**Crawled caption data**
◆ ◆ ◆ ◆ ◆
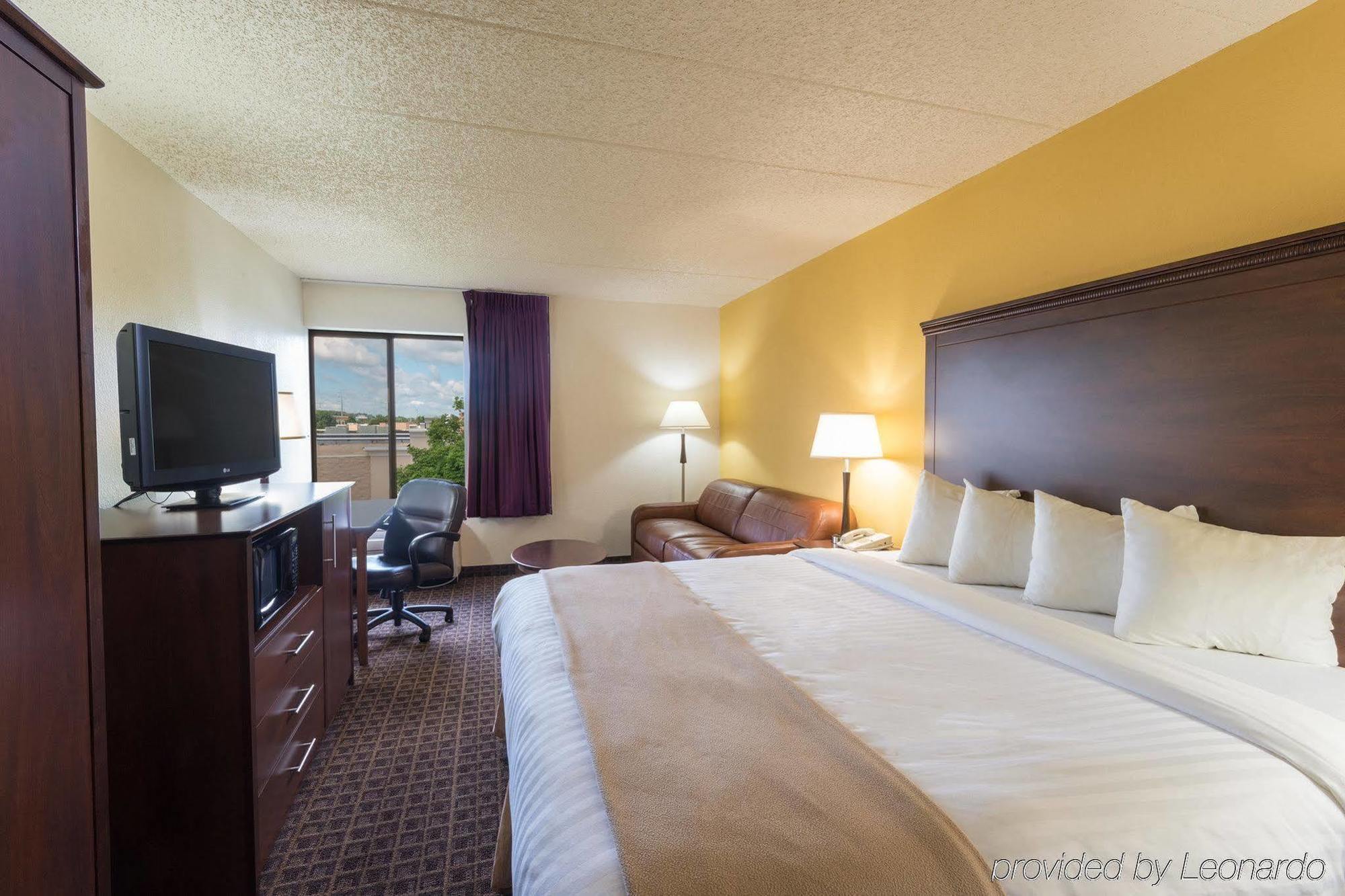 Americinn By Wyndham Madison West Εξωτερικό φωτογραφία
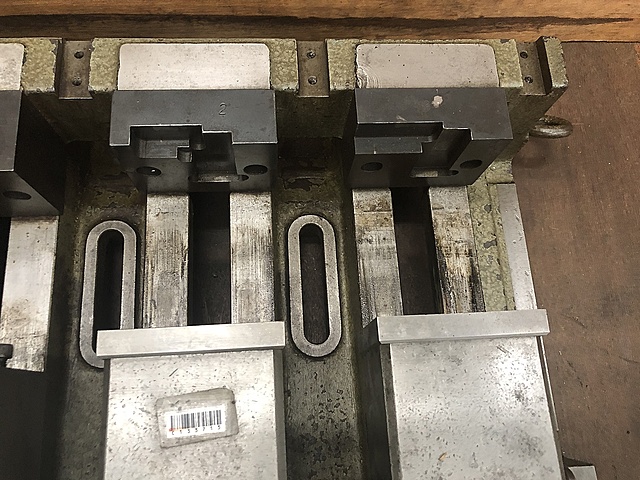 C133715 並列バイス 津田駒 VM-100_1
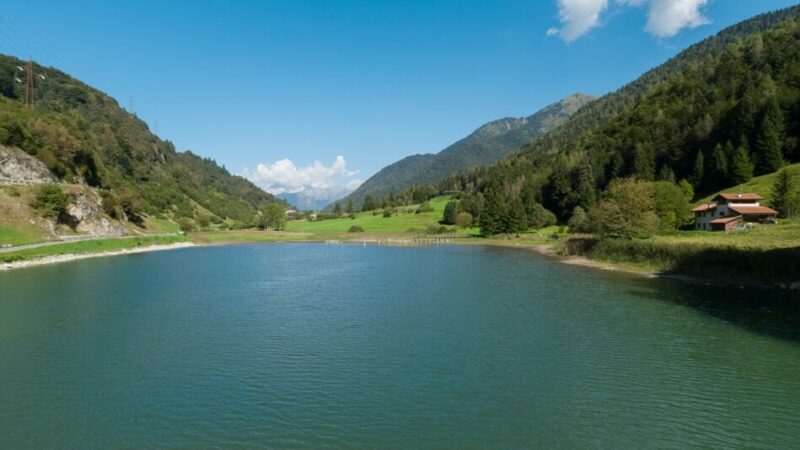 Bandiere blu a Sella Giudicarie per il lago di Roncone e a Bondone per la spiaggia Porto Camarelle di Baitoni, sul Lago d’Idro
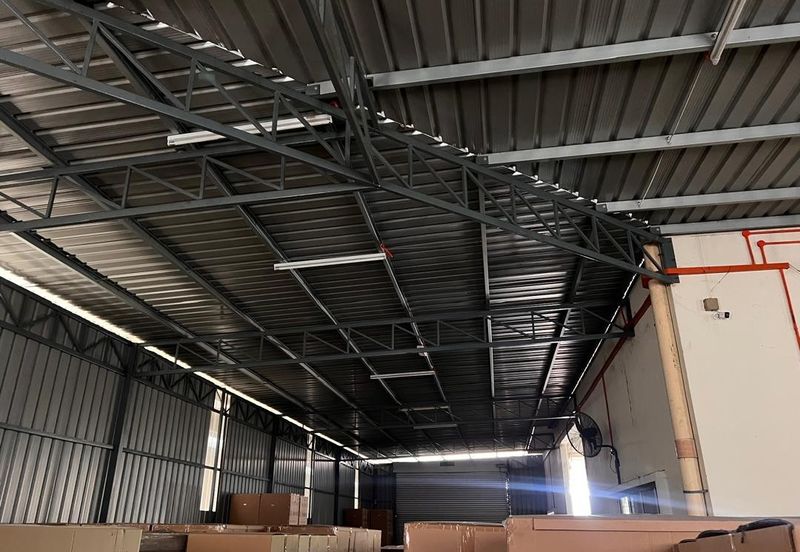 Puchong Taman Industri Meranti Permai, Factory + Office for Rent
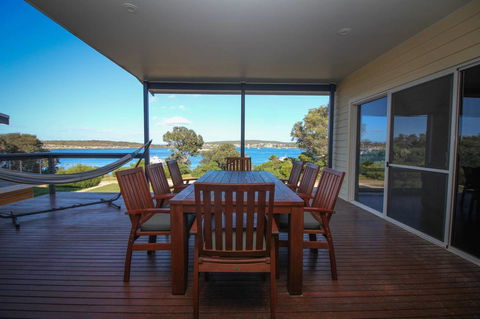 Waterfront On Osprey - Your Accommodation 12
◆ ◆ ◆ ◆ ◆
**Exercise requirements**
Do not include pictures. Copy only the lines running from the line with "Puchong Taman Industri" through the last line of the records, exactly as they appear.

**Result for this task**
 Puchong Taman Industri Meranti Permai, Factory + Office for Rent
 Waterfront On Osprey - Your Accommodation 12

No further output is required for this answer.